Bakın İstanbul için konuşayım, adaylar bize ne vaat etti? Mesela muhalefetin ortak adayı vaatlerini çaktırmadan rakibinin ötekisi üzerinden kurguladı. İktidar artık insanlarda nasıl bir algı yaratıyorsa kendisini karşısına koydu. Ya da Ankara’da Kürtler ülkücü bir gelenekten gelen adaya oy verdi. Kendi memleketimden, Nazilli’den örnek vereyim; 40 yıllık sosyal demokratlar Nazilli’de iki ülkücünün yarıştığı seçimlerde İYİ Parti’nin adayına oy verdi. Üstelik itiraz eden CHP ilçe teşkilatının tasfiyesine rağmen. Bir de kazandı diye hak bayram zannettiler iyi mi? Kimse bana toplumsal mutabakat, faşizme karşı omuz omuza nidaları atmasın, memleket aşureye döndü. Kimse mesela Selim Kotil abimden bahsetmiyor İstanbul için; adam çıktı çatır çatır anlattı projelerini. Proje anlattı anlatabiliyor muyum; insanlara ihtiyacı olan umudu vermedi, zaruri olan reçeteyi yazdı köşesine çekildi.
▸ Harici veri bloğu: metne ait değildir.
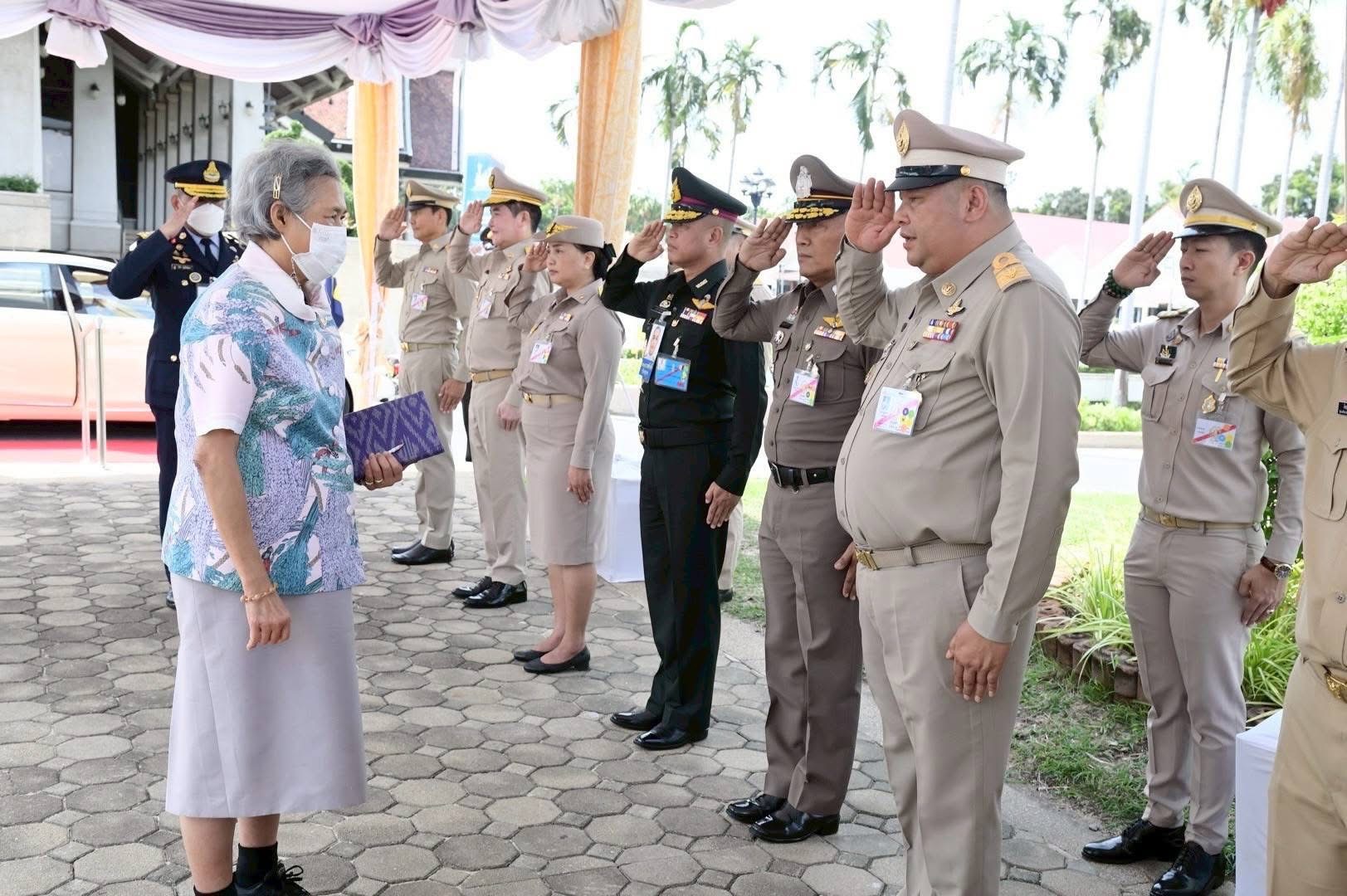สมเด็จพระกนิษฐาธิราชเจ้า กรมสมเด็จพระเทพรัตนราชสุดา ฯ สยามบรมราชกุมารี เสด็จพระราชดำเนินไปทรงเปิดงาน วันข้าวและชาวนาแห่งชาติ ประจำปี 2568 5 S 14041095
Kim taktı? Koca bir hiç… Hiç kimse… Mesela Saadet Partisi’nin geçirdiği dönüşümden kimse bahsetmiyor. Adamlar çıktı iktidara ayarı verdi, yerine geçti. Ne yaptı? Muhalefet… Efenim… Muhalefet… Çok fazla esnerseniz hiç olursunuz…
Zizek, Clinton-Trump yarışında; ben Trump’tan yanayım çünkü Clinton’ın arkasındaki toplumsal ittifak beni korkutuyor, beş benzemez toplumsal grup bir araya geldi, böyle hizipler korkutur beni demişti mealen. Şimdi muhalefet de kendi teklerinin peşinde mutabakatı oluşturdu. Siz hala kazandık zannedin. Bu saatten sonra Erdoğan’a rağmen Erdoğan’a karşı gelemezsiniz, oyun bitti, adam kazandı; üstünde durduğunuz zemini dönüştürdü. Birlik olup tekleşerek değil, çoğalıp renklenerek kazanılabilir ancak.
Erdoğan, Rabia işareti ile tek devlet, tek millet, tek bayrak, tek dil derken şimdi bir de tek muhalefetimiz var. Hayırlara vesile olsun.